## PROBLEM TO SOLVE
Output the data below exactly, images excluded.

## PROVIDED DATA
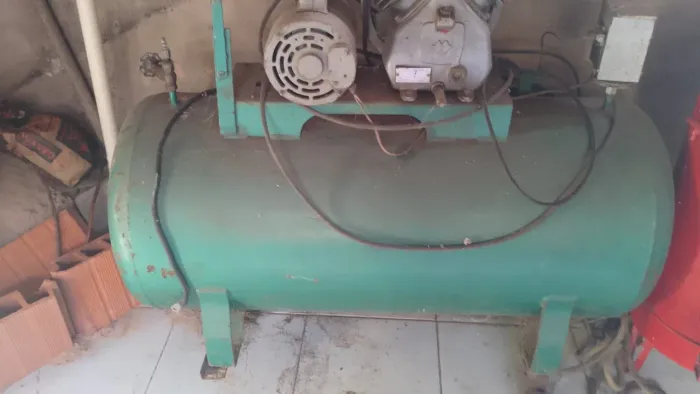 Vendo um compressor uma carboreta maçarico
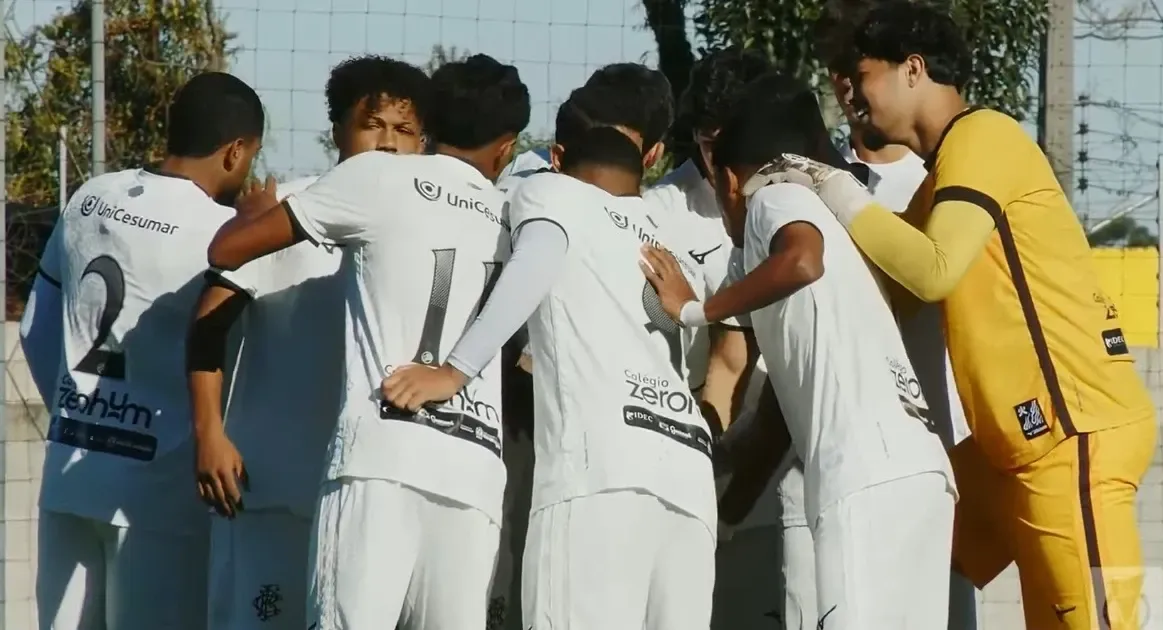 Botafogo perde de virada para Athletico-PR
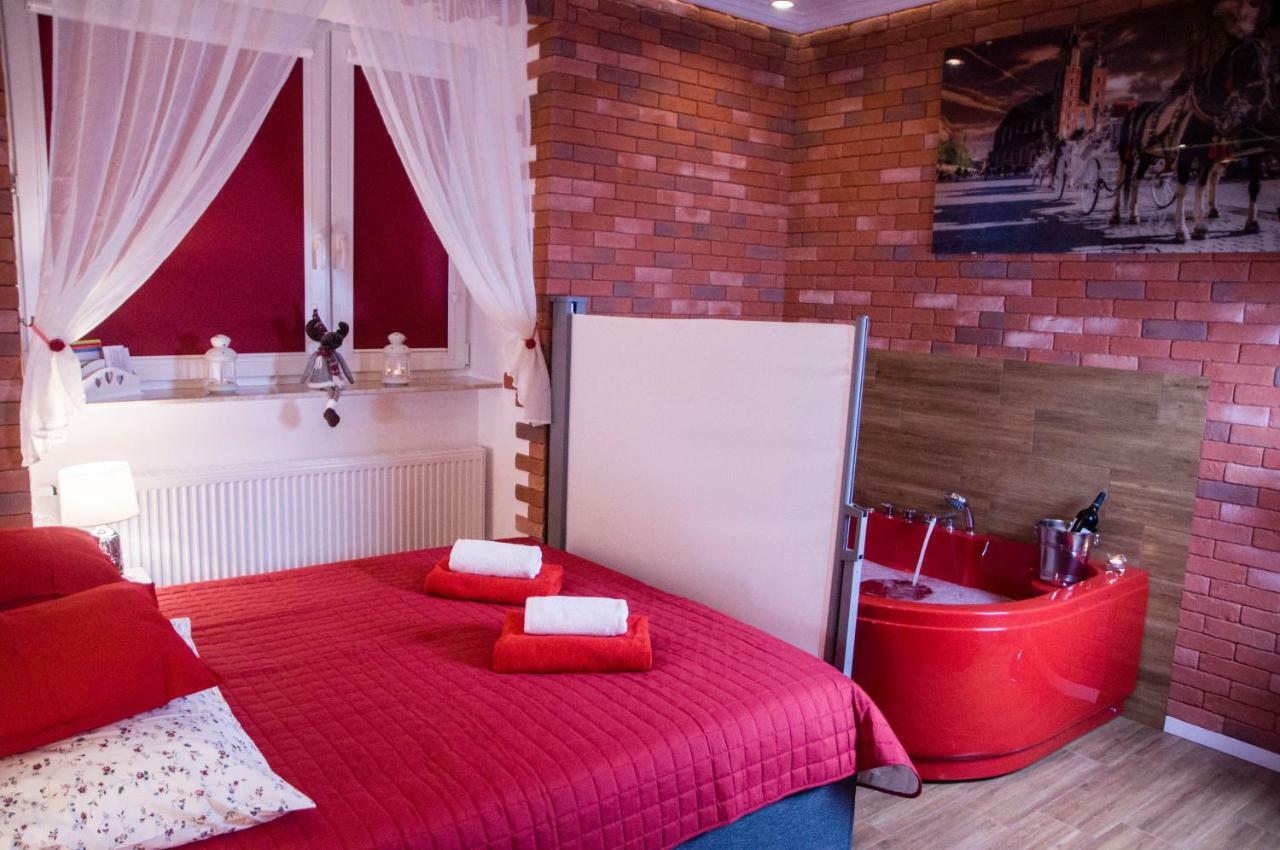 Jacuzzi Apartment Red 크라쿠프 외부 사진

## WRITTEN ANSWER
 Vendo um compressor uma carboreta maçarico
 Botafogo perde de virada para Athletico-PR
 Jacuzzi Apartment Red 크라쿠프 외부 사진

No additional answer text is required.